▶ TASK REQUIREMENTS: Of the lines below, write out exactly those from the line with "an empty room with closet" through the line with "Gold stainless steel", both included, and skip the rest.

▶ AVAILABLE DATA:
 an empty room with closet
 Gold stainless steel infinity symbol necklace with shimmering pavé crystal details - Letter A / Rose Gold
---
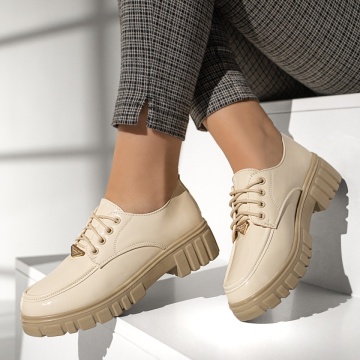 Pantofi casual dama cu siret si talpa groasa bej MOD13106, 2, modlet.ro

▶ OUTPUT OF THE EXERCISE:
 an empty room with closet
 Gold stainless steel infinity symbol necklace with shimmering pavé crystal details - Letter A / Rose Gold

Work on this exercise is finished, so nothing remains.